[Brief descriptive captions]
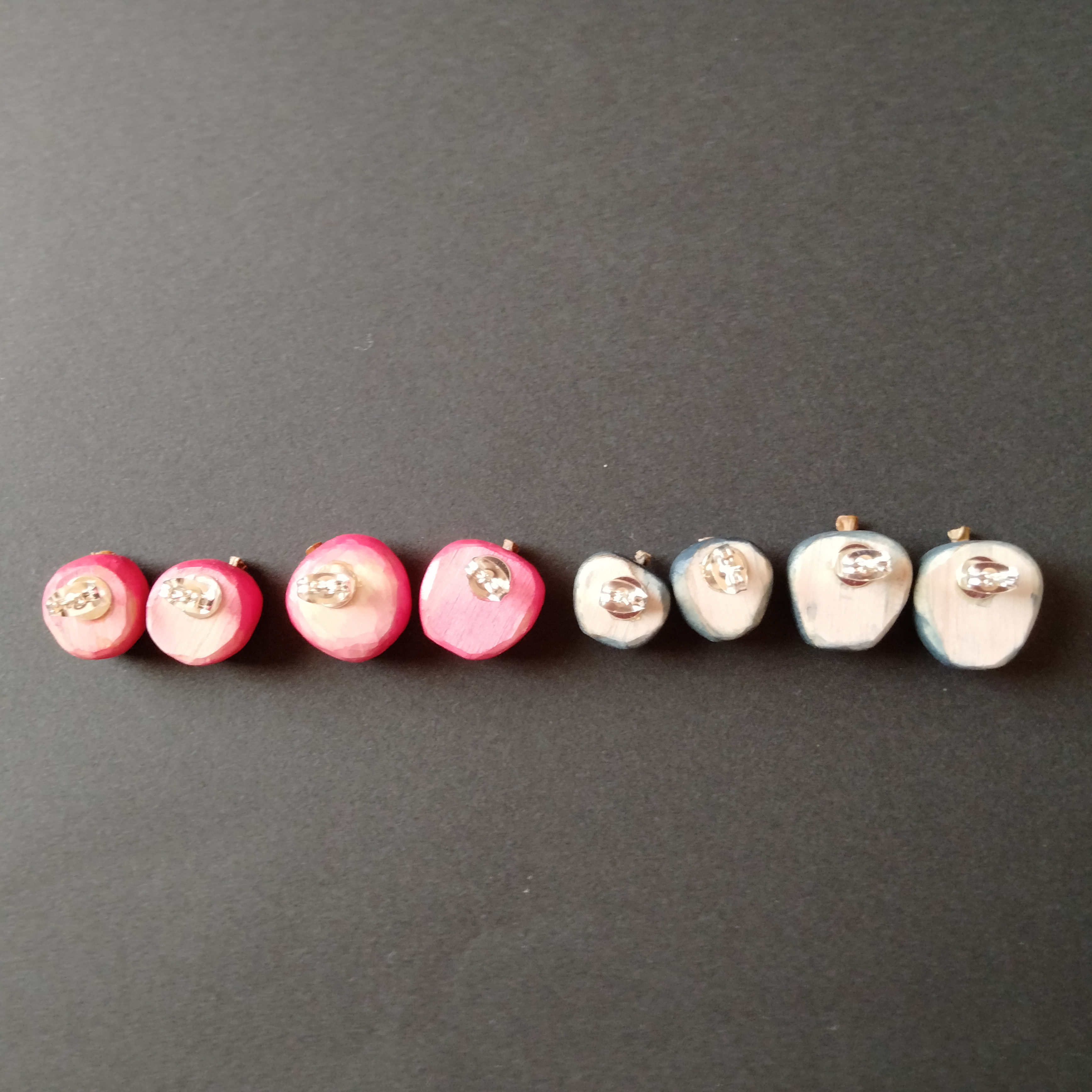 【特別価格】木彫りピアス　りんご　　赤色と藍染Ver.　両耳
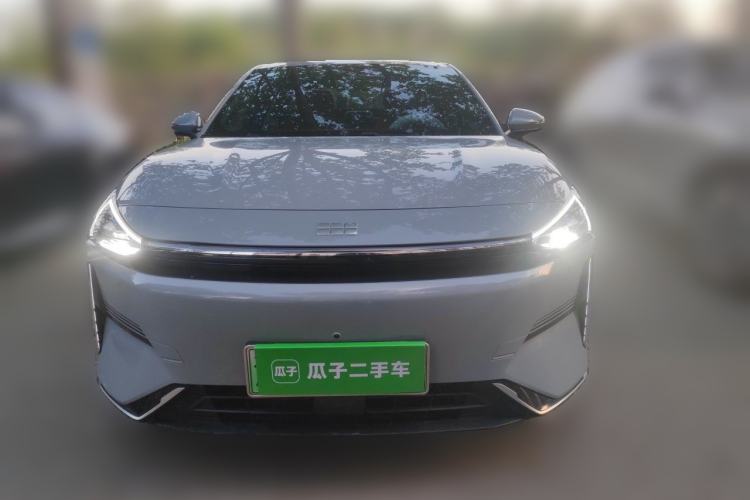 Used Geely Galaxy L6 2024 125km PLUS Dragon Edition Front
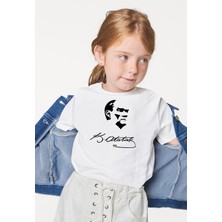 Kız Çocuk Atatürk Imza Baskılı Bisiklet Yaka Kısa Kollu T-Shirt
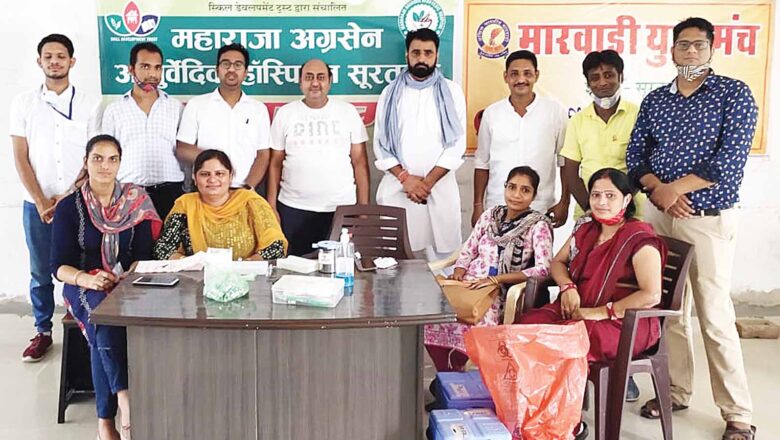आयुर्वेद चिकित्सा और वैक्सीन शिविर लगाया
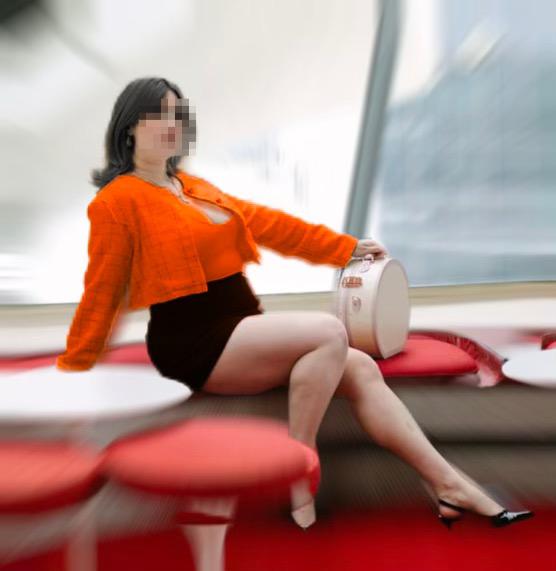 CATALANA.SECRETARIA DE DIRECCIÓN .SOLO HAGO SALIDAS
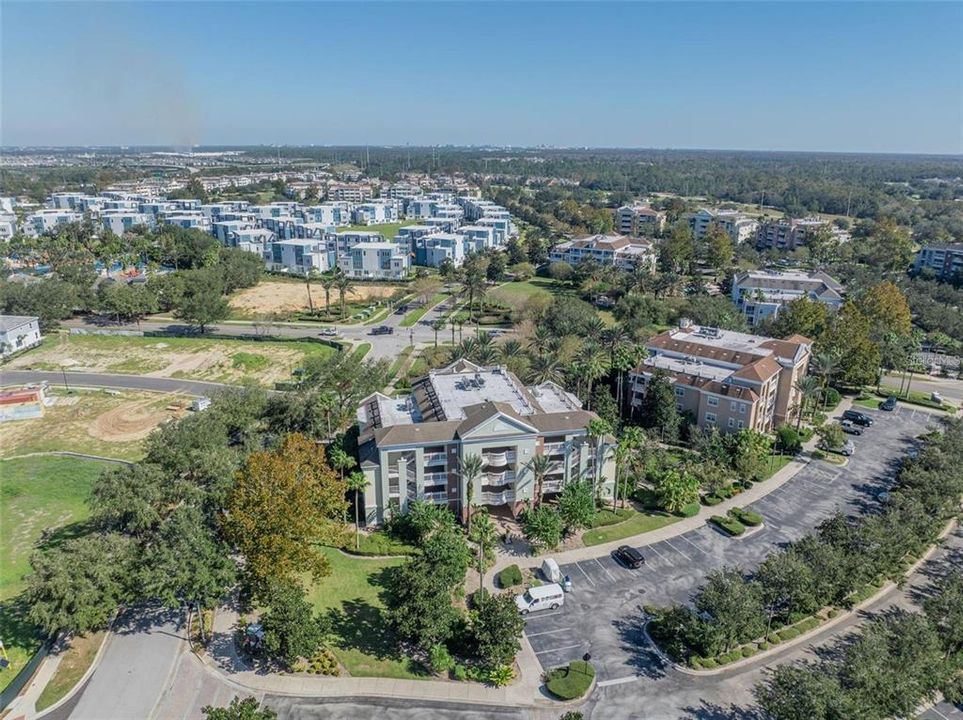 En Venta: $295,800 (3 camas, 3 baños, 1630 Pies cuadrados)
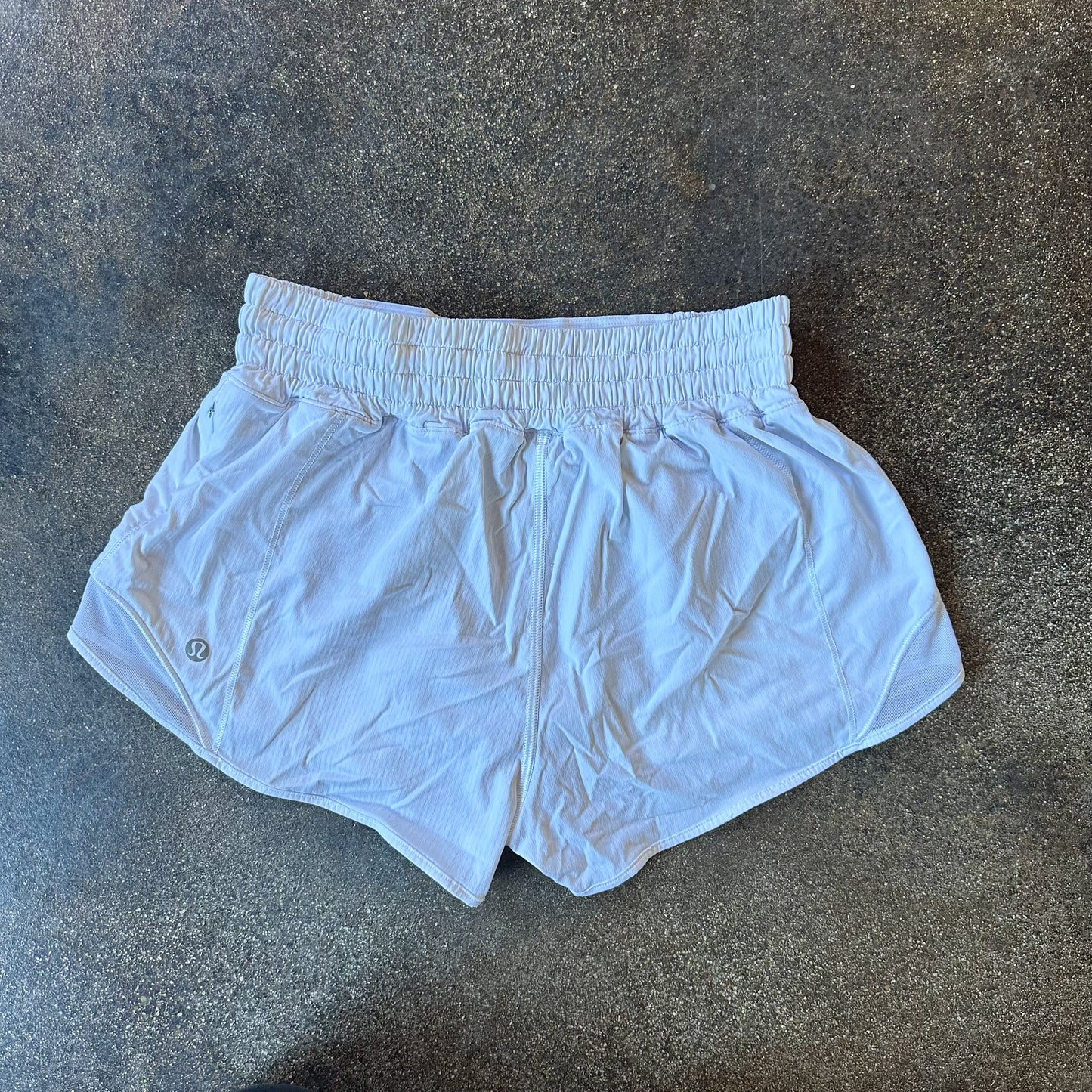 Size 4 White HIGHRISE Hotty Hot Short 2.5”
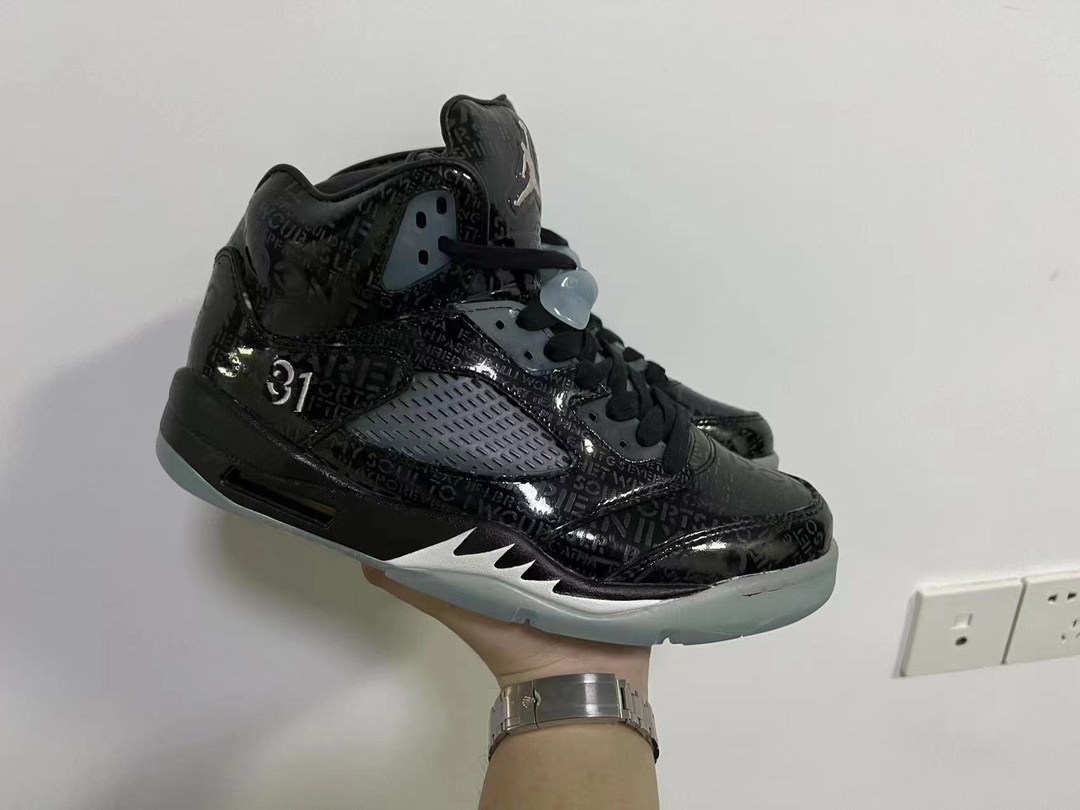 Air Jordan 5 Retro Doernbecher慈善高幫復古籃球鞋[配盒]極少量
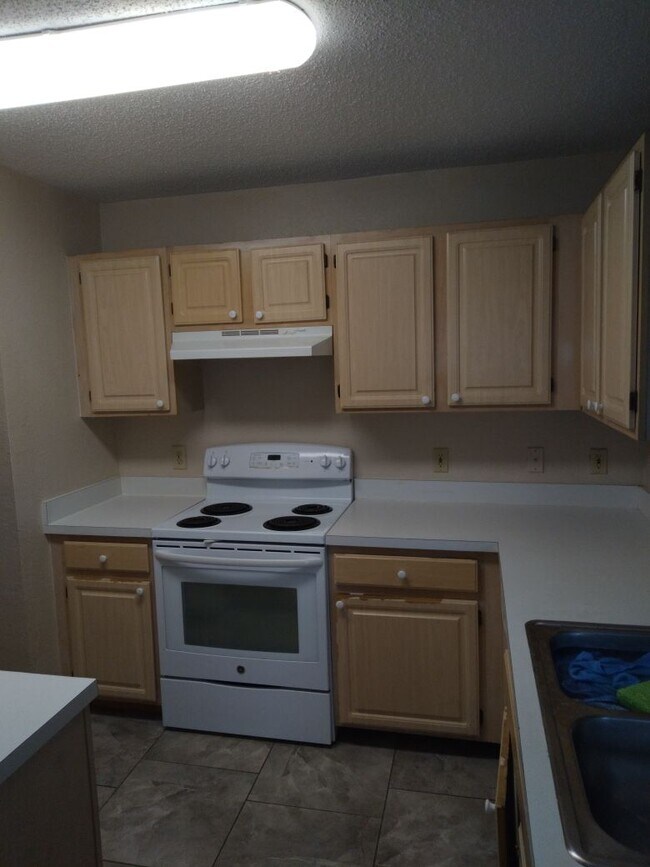 Building Photo - 4295 Summer Landing Dr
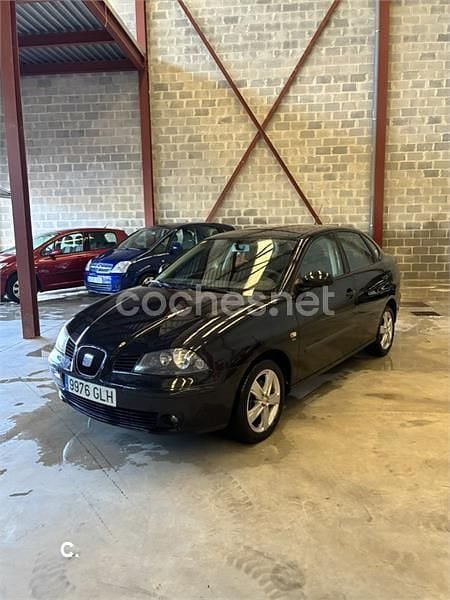 Usado Seat Cordoba Style 100 CV (73 kW) 2009 Negro Berlina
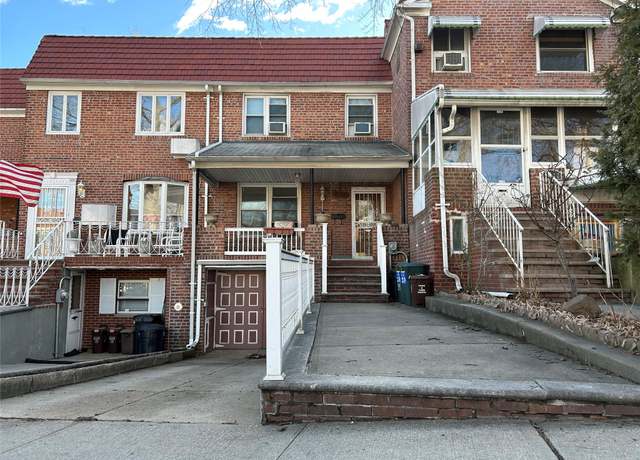 Property at 8414 Eliot Ave, Middle Village, NY 11379, 3 beds, 1.5 baths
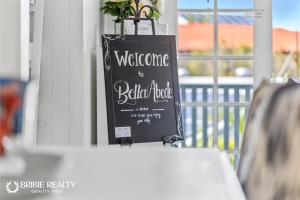 Bella Abode on Bribie - Loft with Pool的证书、奖牌、标识或其他文件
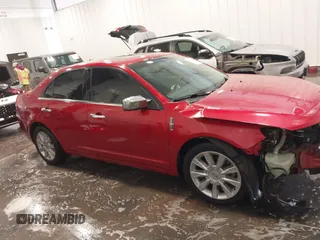 2011 Lincoln MKZ z VIN 3LNHL2GC7BR752038, wystawiony jako IAAI lot #41731713 z przebiegiem 139 935 mil mil oraz . Historia ofert i sprzedaży dostępna na DreamBid. Obrazek 14.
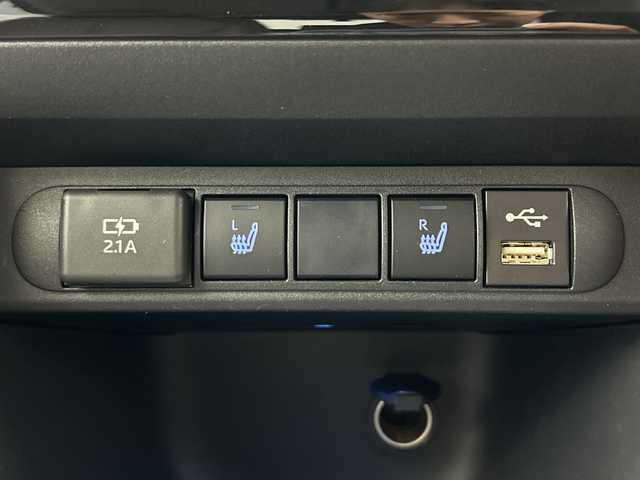 トヨタ ヤリスクロス ハイブリッド Z 三重県 2021(令3)年 1.5万km ブラックマイカ /禁煙車//純正ナビ/・フルセグ・Bluetooth・USB・AppleCarPlay・AndroidAuto//パノラミックビューモニター//トヨタセーフティセンス//プリクラッシュセーフティ//レーダークルーズコントロール//オートマチックハイビーム//レーントレーシングアシスト//前席シートヒーター//運転席パワーシート//前後クリアランスソナー//前後ドライブレコーダー//電子パーキング//ブレーキホールド//ビルトインETC2.0//革巻きステアリング//ステアリングスイッチ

▸ **Task to carry out**
Every entry above is to be copied verbatim, with the pictures removed.

▸ **Final answer**
 【特別価格】木彫りピアス　りんご　　赤色と藍染Ver.　両耳
 Used Geely Galaxy L6 2024 125km PLUS Dragon Edition Front
 Kız Çocuk Atatürk Imza Baskılı Bisiklet Yaka Kısa Kollu T-Shirt
आयुर्वेद चिकित्सा और वैक्सीन शिविर लगाया
 CATALANA.SECRETARIA DE DIRECCIÓN .SOLO HAGO SALIDAS
 En Venta: $295,800 (3 camas, 3 baños, 1630 Pies cuadrados)
 Size 4 White HIGHRISE Hotty Hot Short 2.5”
 Air Jordan 5 Retro Doernbecher慈善高幫復古籃球鞋[配盒]極少量
 Building Photo - 4295 Summer Landing Dr
 Usado Seat Cordoba Style 100 CV (73 kW) 2009 Negro Berlina
 Property at 8414 Eliot Ave, Middle Village, NY 11379, 3 beds, 1.5 baths
 Bella Abode on Bribie - Loft with Pool的证书、奖牌、标识或其他文件
 2011 Lincoln MKZ z VIN 3LNHL2GC7BR752038, wystawiony jako IAAI lot #41731713 z przebiegiem 139 935 mil mil oraz . Historia ofert i sprzedaży dostępna na DreamBid. Obrazek 14.
 トヨタ ヤリスクロス ハイブリッド Z 三重県 2021(令3)年 1.5万km ブラックマイカ /禁煙車//純正ナビ/・フルセグ・Bluetooth・USB・AppleCarPlay・AndroidAuto//パノラミックビューモニター//トヨタセーフティセンス//プリクラッシュセーフティ//レーダークルーズコントロール//オートマチックハイビーム//レーントレーシングアシスト//前席シートヒーター//運転席パワーシート//前後クリアランスソナー//前後ドライブレコーダー//電子パーキング//ブレーキホールド//ビルトインETC2.0//革巻きステアリング//ステアリングスイッチ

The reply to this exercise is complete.